Sue Boardman Collection

Same view today. White paper is placed at the same location as the white shirt or towel below Henderson's grave. NPS

 

   I do not know anything about Clifford Henderson or what specifically caused his death. His battalion consisted of three companies of the 9th Ohio National Guard recruited from Springfield, Columbus, and Xenia, Ohio, in April 1898. In August a fourth company was recruited in Cleveland. What was unique about the battalion is that its officers were also African American, including their commander, Major Charles Young, a West Point graduate who had served in the 9th and 10th U.S. Cavalry. The battalion spent most of the war at Camp Alger, Virginia, outside of Washington, D.C. After the armistice on August 12, the battalion was ordered north to Camp Meade, Pennsylvania, near Middletown, which is close to Harrisburg. This is where Henderson, Martin, and probably Farrell, died. The battalion remained at Camp Meade until November 17 when it was ordered to Summerville, South Carolina, where it mustered out on January 28, 1899.
    These are the facts, but this photograph speaks to a larger story than an interesting burial in the Soldiers’ National Cemetery. Look at the crowd gathered for the burial. The men closest to Henderson’s grave are white. They appear to be workmen who may have dug the grave. But there are other white people in the crowd who are not workers. Perhaps they were simply curious since burials in the cemetery were not a common occurrence. We have black U.S. Soldiers preparing to fire a salute to a comrade. The bugler is just finishing “Taps.” As we look at Henderson’s grave and casket our eyes are drawn up to Lady Liberty, standing atop the Soldiers’ National Monument and gazing down upon the soldiers and civilians below. Nearby is where President Lincoln gave his Gettysburg Address nearly thirty five years earlier and spoke of a “new birth of freedom.” Yet in 1896, three years before Clifford Henderson died of disease while serving his country, the United States Supreme Court ruled 7 to 1 on the case of Plessy vs. Ferguson, which upheld that state laws requiring racial segregation in public facilities and transportation was constitutional under the doctrine of “separate but equal.” This latter doctrine proved a cruel joke to men like Henderson and his comrades, particularly when they served in Virginia and South Carolina, where facilities for blacks were separate but rarely equal.
    The irony in this image is palpable. We see young African American men who have volunteered to serve their country, standing by the grave of a comrade who died while in the service to that country, beneath the gaze of Liberty and where Lincoln’s words of a “new birth of freedom” still echo, at the same time that the highest court of the government each of these men volunteered to protect, has overwhelmingly declared racial segregation to be legal. The image is complicated – like the legacy of the Civil War.
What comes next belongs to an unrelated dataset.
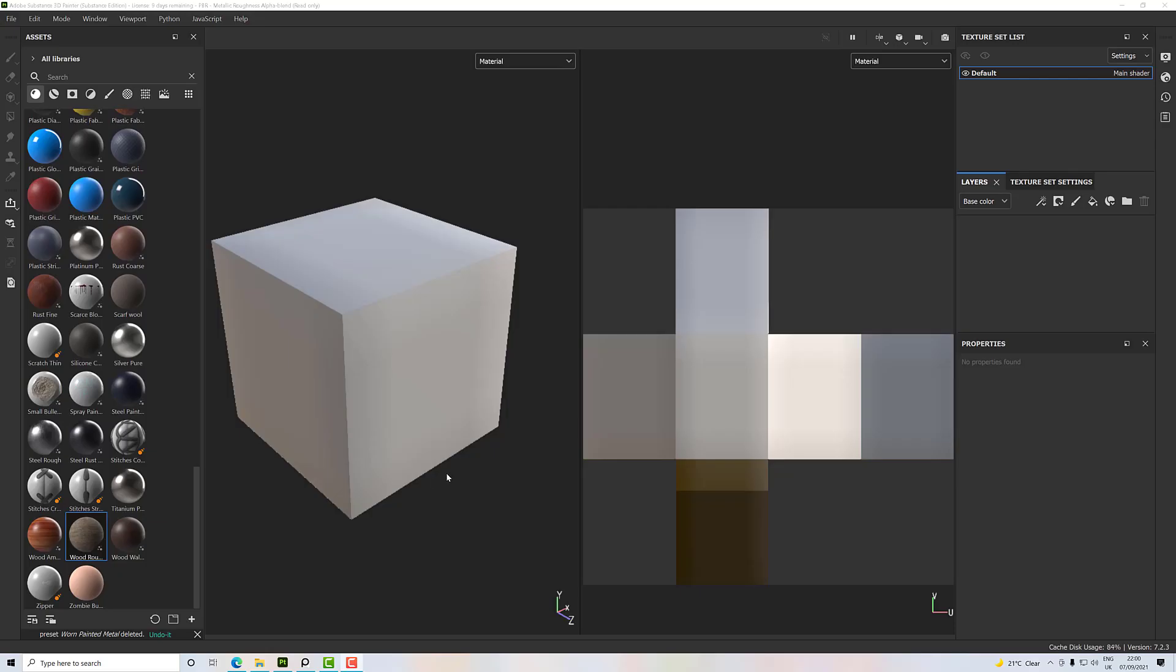I thought we'd have a look at smart masks, which are preset masks designed to give you a speed boost so you don't have to build them yourself. I'm just going to grab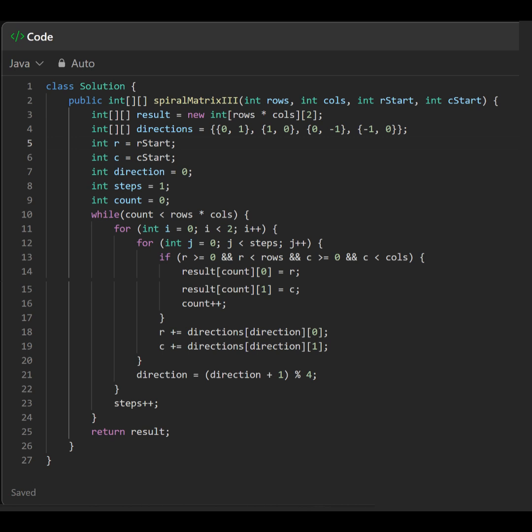This method effectively generates a spiral pattern of coordinates starting from R start, C start, and covers the entire grid of size rows X cols.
As we contemplate the story of this photograph we might feel anger at the injustice of it all, or cynicism at the empty promise of true liberty and equality. But I see inspiring courage in these men; the courage to serve despite the injustice inflicted upon them, and a fierce hope, that liberty, freedom and true equality were not just empty slogans.

D. Scott Hartwig

Update 4/27/12 – Thanks to the help and research of Eric Fischer, a reader of this blog, I have updated and corrected this post.  Clifford’s correct name, established by three separate newspaper sources Eric uncovered, was Clifford Henderson, not Clifford Henderson Wallace, and he was from Springfield, Ohio.